Informal polling shows Americans in general feel Bin Laden received help from Pakistani military or intelligence sources. What to do about it is another matter altogether.
Pakistan is strategically important because parts of its territory and that of neighboring Afghanistan are remote and ungovernable, making them inviting as terrorist safe havens. Moreover, Pakistan, like its neighbor and rival India, has nuclear weapons. The possibility of any of these falling into the hands of Islamist jihadists is quite worrisome to the US. The US is cozier with India but wants to keep Pakistan in the fold as well.
Thus, despite the rising chorus of critics who say Pakistan should be jettisoned as an unreliable perhaps duplicitous partner, that seems unlikely to happen though there is new support for at least trimming the $1.3 billion in foreign aid, mostly military, the US sends there each year.
At the same time, Americans are wrestling with a new call for acceptance of torture as a useful tool for interrogating terrorist suspects.
Over the last few days, former Vice President Dick Cheney, former Secretary of Defense Donald Rumsfeld, and former Justice Department aide John Yoo, argued that information gleaned from enhanced interrogations, seen by many as a euphemism for torture, paved the way for locating Bin Laden.
Mr. Yoo, now a law professor in California, authored what has come to be known as “the torture memo,” which set forth the Bush Administration’s legal justification for using enhanced interrogation of terrorist suspects in US custody at Guantanamo Bay, Cuba.
Following the assault that killed Bin Laden, Mr. Yoo said, “President George W. Bush, not his successor, constructed the interrogation and warrantless surveillance programs that produced this week’s actionable intelligence.”
Messrs. Cheney and Rumsfeld asserted that the disputed techniques specifically led to intelligence identifying a courier that led to Bin Laden’s whereabouts.
Critics disagree, insisting a person subjected to the physically and psychologically brutal interrogation techniques would say anything and that the information likely would be unreliable. They maintain there is no clear link between information gained from torture of terrorist suspects in US custody and the locating of Bin Laden.
Mr. Bush’s Secretary of State Colin Powell said he believed the practice a violation of the Geneva Convention, and President Obama said torture would have no place in his administration.
The public has embraced a long tradition of opposing torture, remembering the horror stories of its own citizens tortured in recent history during the Vietnam War. It remains deeply divided, however, on exactly what constitutes torture or what to do about those accused of it.

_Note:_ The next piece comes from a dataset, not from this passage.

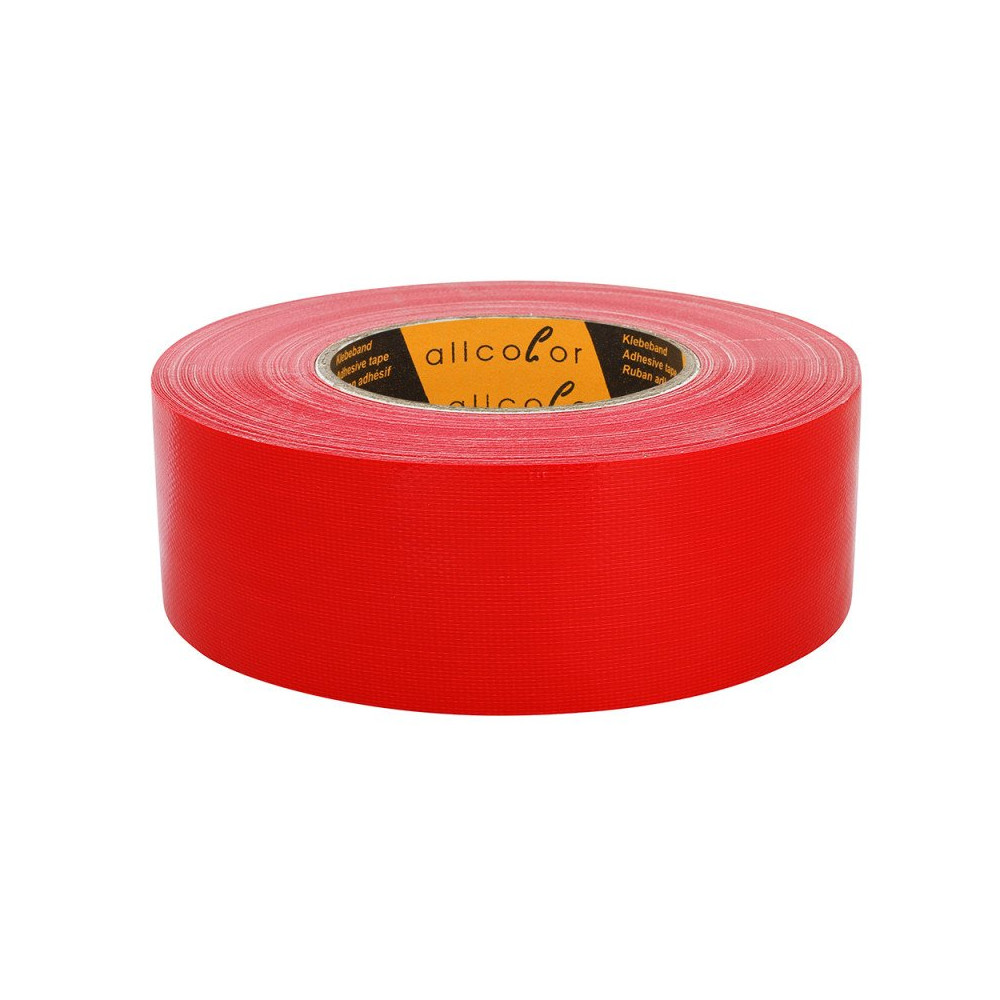 Stage Tape 695 red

A poll conducted in 2009 by the Gallup polling organization found that 38 percent of people questioned favored a federal criminal investigation into the alleged use of torture during the interrogation of terror suspects. Another 24 percent favored an investigation by an independent panel that would have issued a report of its findings but not seek any criminal charges. Thirty-four percent opposed both a criminal or independent panel investigation.
While opposition to torture remains strong, a sizeable number of people indicated they would be willing to allow it if it led to the capture of someone like Bin Laden, who orchestrated the terrorist attack that destroyed the World Trade Center and killed nearly 3,000 people from the US and other countries (including from the Arab world).

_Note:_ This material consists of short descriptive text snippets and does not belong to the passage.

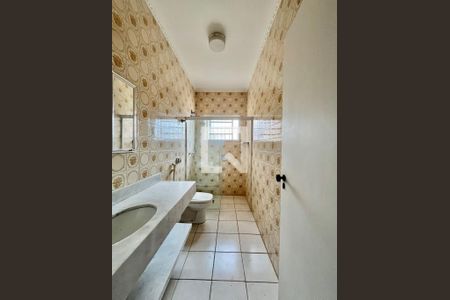 Banheiro de casa para alugar com 4 quartos, 311m² em Jardim Leonor, Campinas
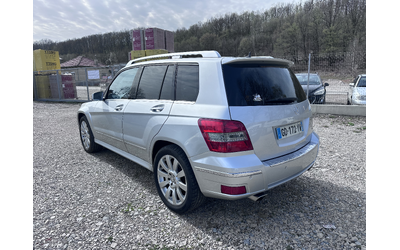 GLK350 - автомобили, коли, обяви за нови и употребявани 6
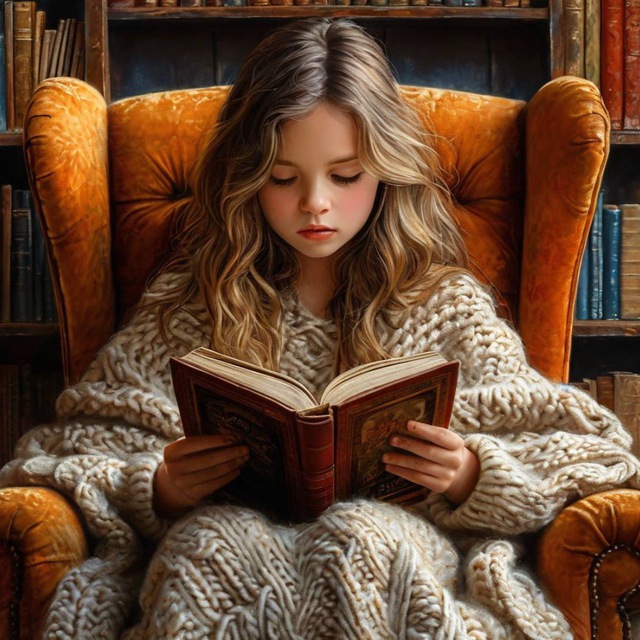 Гармония вокруг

Similar reasoning appears to be behind justification by some for religious profiling and continued Islamophobia in the country. Last Friday, the pilot of a commercial flight refused to allow two Muslim imams dressed in traditional garb as passengers although they had cleared screening twice and no passengers had expressed concern about their presence.

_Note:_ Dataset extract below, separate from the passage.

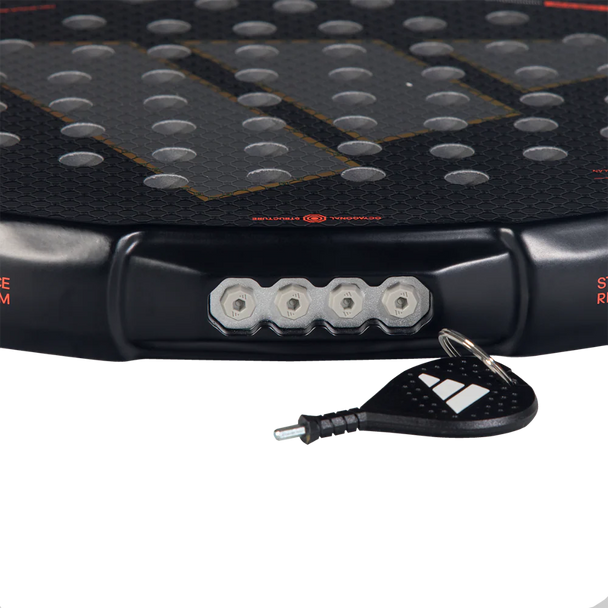 Adidas Metalbone Padel Racket - 2026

The pilot said he was uncomfortable with their presence and defenders argued that he should have had authority to do so or bar any passenger that look suspicious. Critics dismissed this as an excuse for religious profiling, saying the imams drew attention only because of their dress. They said this was wooly logic because the terrorists who commandeered jets then crashed them into the World Trade Center and the Pentagon were dressed inconspicuously, more like computer nerds. A back and forth debate continues on Internet social networks, radio and television news and public affairs programs.
The imams, by the way, were on their way to a conference on Islamophobia.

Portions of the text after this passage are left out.